Pourquoi les théories économiques ultralibérales de l’Ecole de Chicago trouvent-elles un meilleur terreau au sein des dictatures et des gouvernements autoritaires plutôt qu’en démocratie ? Sûrement parce que, pour être mises en place, il faut que les résistances de la société civile s’exprimant face aux inégalités générées puissent être facilement maîtrisées. Voilà pourquoi les meilleurs laboratoires d’expérimentation des Chicago Boys ont été les dictatures militaires du Cône sud latino-américain des années 1970 [.. ] et sûrement très prochainement le Brésil si le candidat d’extrême droite Bolsonaro remporte les élections présidentielles.

En effet, cette étrange alliance entre anarcho-capitalistes et politiciens issus des rangs de l’armée pourrait à nouveau se répéter si la direction du super-ministère de l’économie est confiée, c’est ce qui est pour l’instant prévu, à un Chicago boy. Avouant son absolue ignorance en matière économique, le candidat Bolsonaro – grand nostalgique de la dictature militaire brésilienne pourtant protectionniste et interventionniste – a déclaré qu’il cèderait sûrement son programme en la matière à Paulo Guedes, banquier ultralibéral de 69 dont l’action se baserait sur une politique de privatisations à outrance du secteur public (pétrole, électricité, courrier…), une réforme fiscale qui réduirait les impôts des plus privilégiés avec l’argument que ce sont ceux qui investissent le plus (il a mentionné un impôt sur le revenu à taux unique de 20 % pour les personnes physiques) et la substitution de l’actuel système de retraite par un autre basé sur la capitalisation, suivant le chemin tracé au Chili à l’époque de Pinochet. Guedes a obtenu son doctorat à l’Ecole de Chicago et les politiques mises en place au Chili sous la dictature lui sont très familières. L’auteur de la réforme des retraites chiliennes, José Piñera, est le frère de Sébastien Piñera, l’actuel président de ce pays, qui a récemment déclaré en Espagne qu’il appréciait beaucoup les notes de musique du programme économique de Bolsonaro. Ainsi, Guedes s’est prononcé contre « l’Etat machine », un Etat dysfonctionnel qui concentre les privilèges corporatistes provenant d’un modèle centralisateur issu de la dictature militaire (1964-1985), et que Lula et Dilma Rousseff n’ont pas réussi à réformer.

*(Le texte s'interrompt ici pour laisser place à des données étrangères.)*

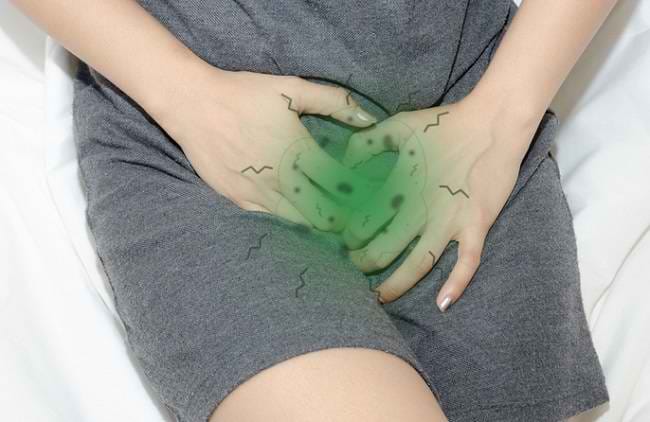 Infeksi Jamur Vagina Beserta Gejala dan Penanganannya - Alodokter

Nous verrons comment se résoudront les contradictions entre le protectionniste Bolsonaro (« Plus de Brésil, moins de Brasilia ») et l’ultralibéral Guedes. Quoi qu’il en soit, la victoire de Bolsonaro lors du premier tour a d’ores et déjà été perçue comme la plus belle des symphonies par les marchés, et le réal brésilien s’est appréciée par rapport au dollar.

Milton Friedman, le père intellectuel des Chicago boys, a visité Pinochet durant les années les plus dures de sa dictature, au milieu des années 1970, et les photographies publiées en « une » de nombreux journaux où il apparaissait avec sa femme Rose auprès du putschiste ont servi à légitimer le régime en place. Friedman s’est aussi rendu au Chili en tant que membre de la Société du Mont-Pèlerin, cette sorte d’internationale économique ultralibérale qui s’est réunie à Santiago, apportant une nouvelle forme de reconnaissance au gouvernement militaire. A cette occasion, il fit une escale à Lima, où un jeune homme nommé Mario Vargas Llosa lui demanda dans d’une interview s’il avait des doutes d’ordre moral du fait que ses théories s’appliquaient généralement dans des pays aux gouvernements autoritaires : « Non », répondit Friedman, qui était sur le point de recevoir le prix Nobel d’économie. Et d’ajouter : « Je n’aime pas les gouvernements militaires, mais je me contente du moindre mal ».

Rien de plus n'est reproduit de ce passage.